Massimiliano Carbonaro

La Regione consente sforamenti per realizzare investimenti su cui i Comuni avrebero risorse, ma vincolate dal Patto - Garavaglia: «Stimiamo fondi bloccati per 8,5 miliardi di euro»

Un poco di respiro per i Comuni lombardi: la Regione Lombardia ha approvato un finanziamento da 212 milioni di euro – che per l'estate potrebbero crescere fino ad arrivare a 250 milioni – da destinare al Patto di stabilità territoriale per l'anno in corso. Le risorse andranno a liberare altrettanti investimenti presso le Province e gli oltre mille Comuni che non saranno costretti a rispettare il Patto, fino all'ammontare complessivo di questa cifra.
Anche quest'anno Regione Lombardia si impegna in favore degli enti locali impegnandosi sul fronte del Patto di stabilità al posto loro e consentendo quindi investimenti nonostante siano bloccati dal Patto di stabilità. «In pratica - ha spiegato Maurizio Garavaglia, assessore regionale all'economia (nella foto qui a sinistra) - noi rinunciamo a spendere questi soldi per aiutare Comuni e Province che hanno difficoltà a spendere a causa dei vincoli imposti dal patto di stupidità».
Il presidente di Anci Lombardia Attilio Fontana, sindaco di Varese ha spiegato che per beneficiare della misura e presentare alla Regione un progetto da finanziare i Comuni «dovranno dimostrare di avere soldi in cassa e di non poterli spendere» a causa del patto di stabilità per gli enti locali.
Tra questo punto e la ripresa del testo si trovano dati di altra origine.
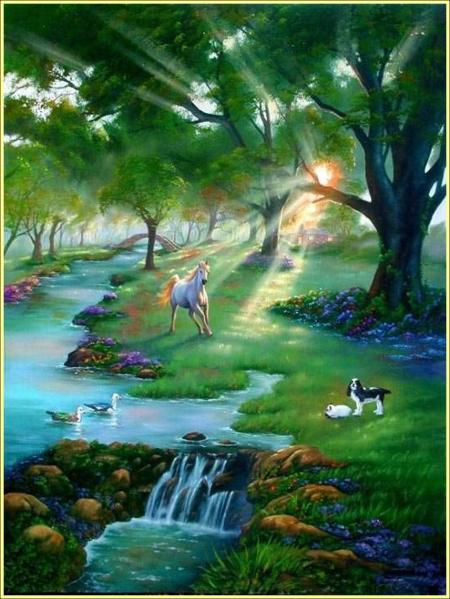 beau paysage:verdure eau animaux;beau cheval, rayons de soleilimage qui donne bien à Rêver se ressourcer  se ballader repos !!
Su quest'ultimo, Garavaglia ha detto che «è un'invenzione tutta italiana», che non esiste negli altri paesi europei, dove si deve rispettare solo il Patto di stabilità nazionale, mentre da noi «lo Stato impone la tagliola agli enti locali per risolvere i propri problemi».
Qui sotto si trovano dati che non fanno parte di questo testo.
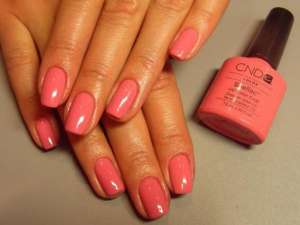 Shellac - 80, - 100, , ,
L'assessore calcola che in Lombardia per il patto siano bloccati 8 miliardi e mezzo di euro: «Sbloccare – ha commentato - queste risorse significa avviare opere pubbliche e poter pagare le imprese così da incentivare la ripresa». L'assessore Garavaglia ha anche aggiunto che lo stanziamento approvato dalla Giunta è solo la prima tranche di un finanziamento che a giugno ammonterà complessivamente a 250 milioni di euro: «Gli altri 38 milioni - ha spiegato - possono essere stanziati a solo a seguito di modifiche normative. Speriamo che il Governo capisca quanto sia utile consentire alle Regioni di poter garantire questa seconda tranche».
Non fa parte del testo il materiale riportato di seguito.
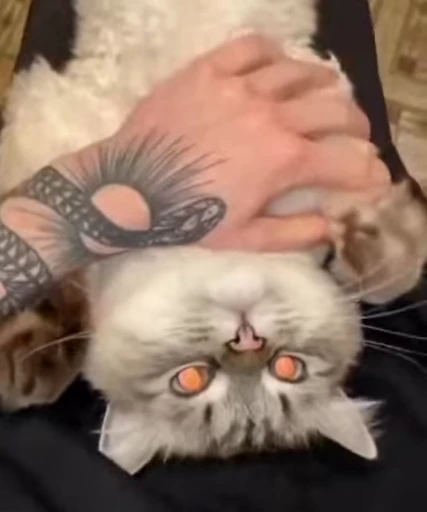 😻 Стикер «Video Cats» для Telegram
Fondamentale all'interno del provvedimento che il 5% delle risorse stanziate sarà riservato alle opere per l'Expo e per gli Enti mantovani colpiti dal terremoto del maggio 2012. La Lombardia attende che si applichi il Patto territoriale tramite il quale lo Stato dà un obiettivo unico con cui gli obiettivi non sono divisi tra Regioni, Province e Comuni con una formula che dovrebbe impedire che alcuni enti sia più penalizzati di altri.
Da ultimo l'auspicio dell'assessore è che gli investimenti fatti senza debito vengano esclusi dal patto di stabilità. Il presidente di Anci Lombardia ha sottolineato come, in questo modo i Comuni che dimostrano di avere capacità di spesa «avranno un po' di respiro in più a fronte anche di un Governo insensibile alla richiesta di sospendere il Patto per i comuni con meno di 5.000 abitanti. I Comuni - ha concluso - sono sempre più nella confusione. Non possiamo programmare non solo gli investimenti, ma neanche i bilanci».